====== Provided entries
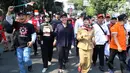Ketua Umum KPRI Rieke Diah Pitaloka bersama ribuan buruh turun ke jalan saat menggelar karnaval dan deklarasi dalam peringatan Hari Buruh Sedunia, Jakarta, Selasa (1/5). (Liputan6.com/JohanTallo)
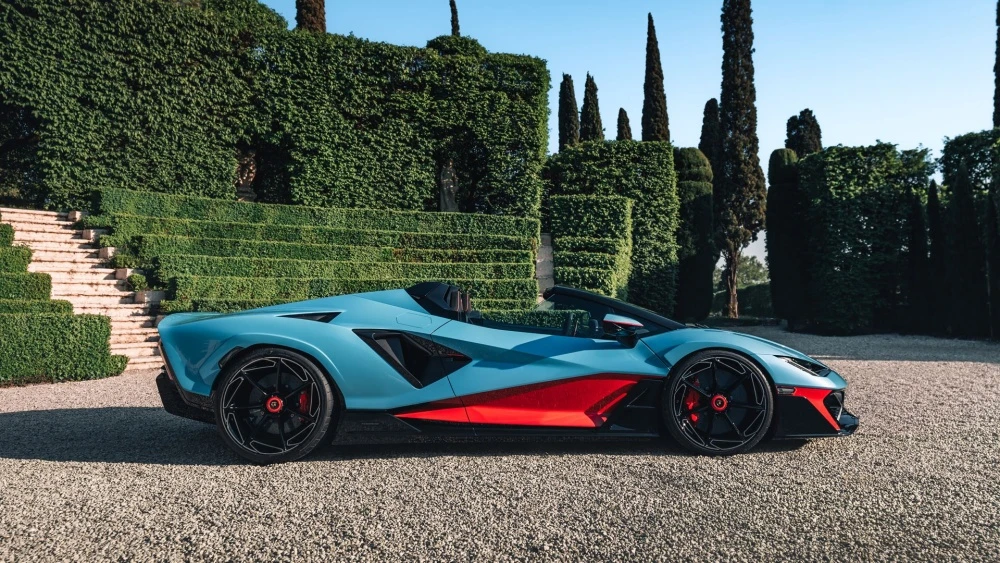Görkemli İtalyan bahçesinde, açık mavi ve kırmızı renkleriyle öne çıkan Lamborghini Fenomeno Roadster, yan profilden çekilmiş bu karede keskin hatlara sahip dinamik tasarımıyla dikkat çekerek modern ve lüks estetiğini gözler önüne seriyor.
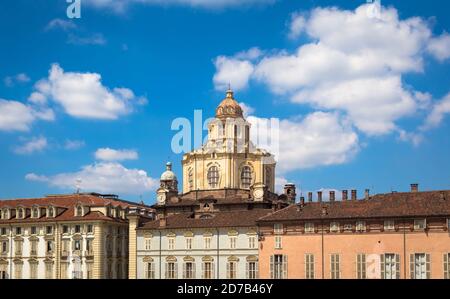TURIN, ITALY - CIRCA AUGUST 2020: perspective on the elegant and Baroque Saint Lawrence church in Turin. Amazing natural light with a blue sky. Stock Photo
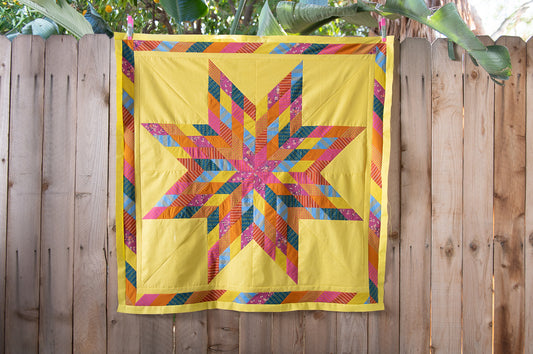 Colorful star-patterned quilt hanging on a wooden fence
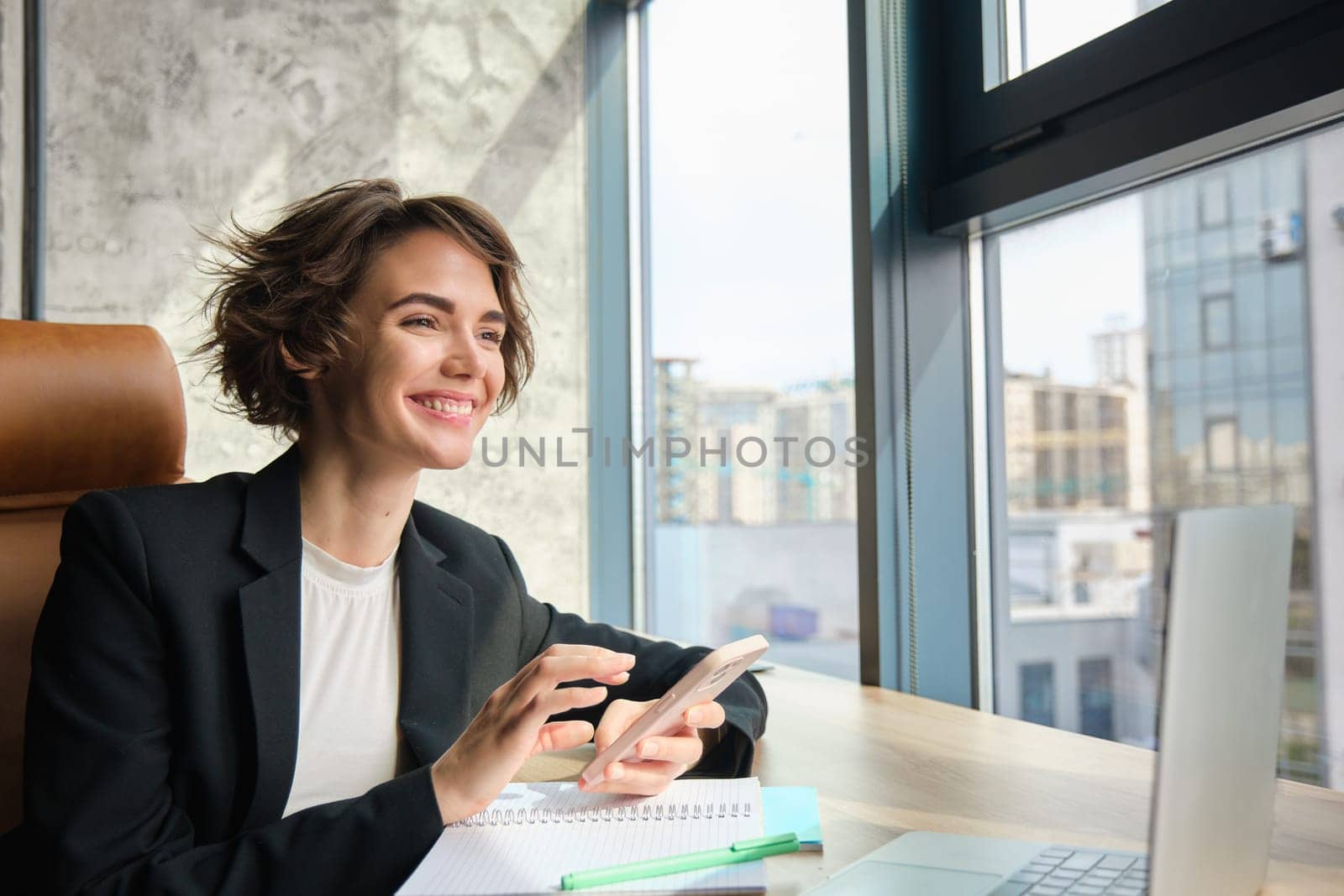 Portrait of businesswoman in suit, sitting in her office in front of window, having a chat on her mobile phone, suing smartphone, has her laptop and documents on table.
============
====== Provided entries
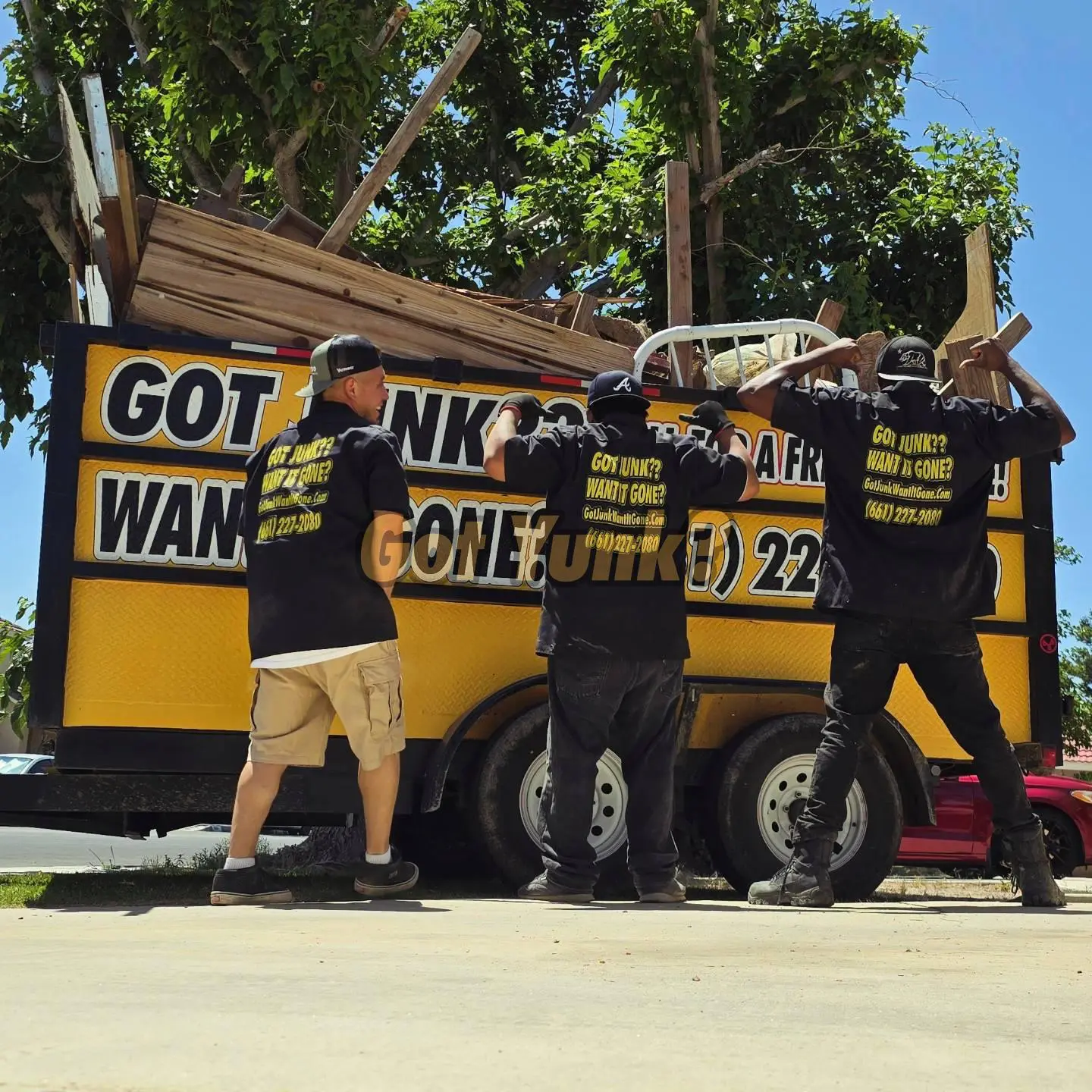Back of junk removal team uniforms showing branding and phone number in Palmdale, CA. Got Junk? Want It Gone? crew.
============
====== Provided entries
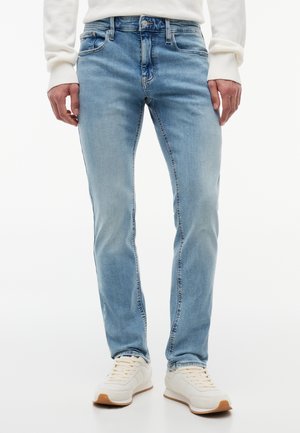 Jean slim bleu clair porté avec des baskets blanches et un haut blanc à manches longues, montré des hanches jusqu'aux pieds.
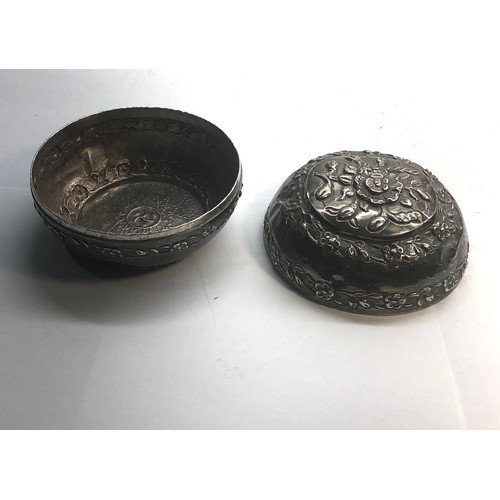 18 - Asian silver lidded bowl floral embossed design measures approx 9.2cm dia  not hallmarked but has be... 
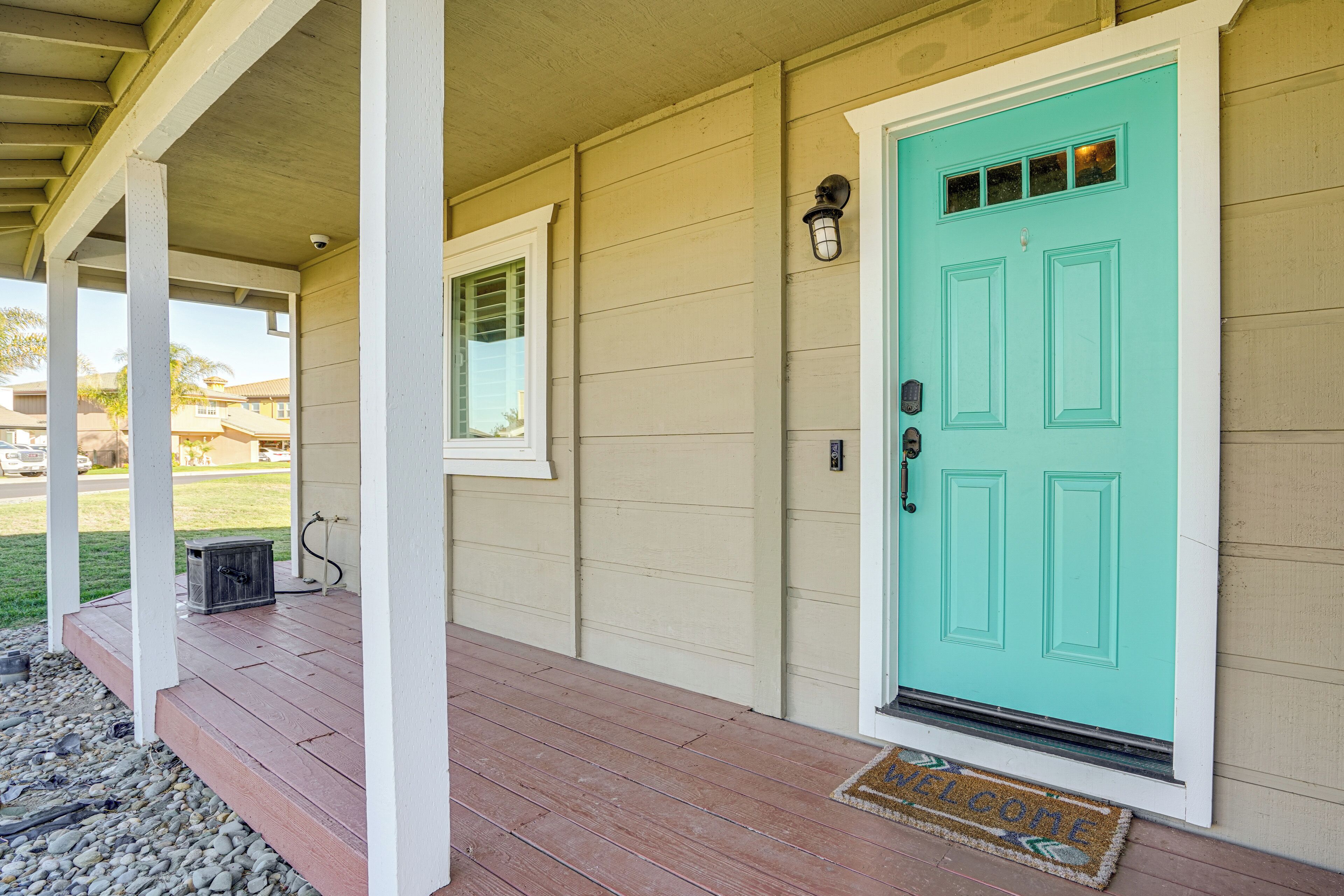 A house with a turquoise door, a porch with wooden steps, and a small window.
============
**Task item**
Between and including the line with "Ketua Umum KPRI" and the line with "Portrait of businesswoman", repeat every line exactly as it appears above, with pictures left out.

**The answer**
Ketua Umum KPRI Rieke Diah Pitaloka bersama ribuan buruh turun ke jalan saat menggelar karnaval dan deklarasi dalam peringatan Hari Buruh Sedunia, Jakarta, Selasa (1/5). (Liputan6.com/JohanTallo)
Görkemli İtalyan bahçesinde, açık mavi ve kırmızı renkleriyle öne çıkan Lamborghini Fenomeno Roadster, yan profilden çekilmiş bu karede keskin hatlara sahip dinamik tasarımıyla dikkat çekerek modern ve lüks estetiğini gözler önüne seriyor.
TURIN, ITALY - CIRCA AUGUST 2020: perspective on the elegant and Baroque Saint Lawrence church in Turin. Amazing natural light with a blue sky. Stock Photo
 Colorful star-patterned quilt hanging on a wooden fence
 Portrait of businesswoman in suit, sitting in her office in front of window, having a chat on her mobile phone, suing smartphone, has her laptop and documents on table.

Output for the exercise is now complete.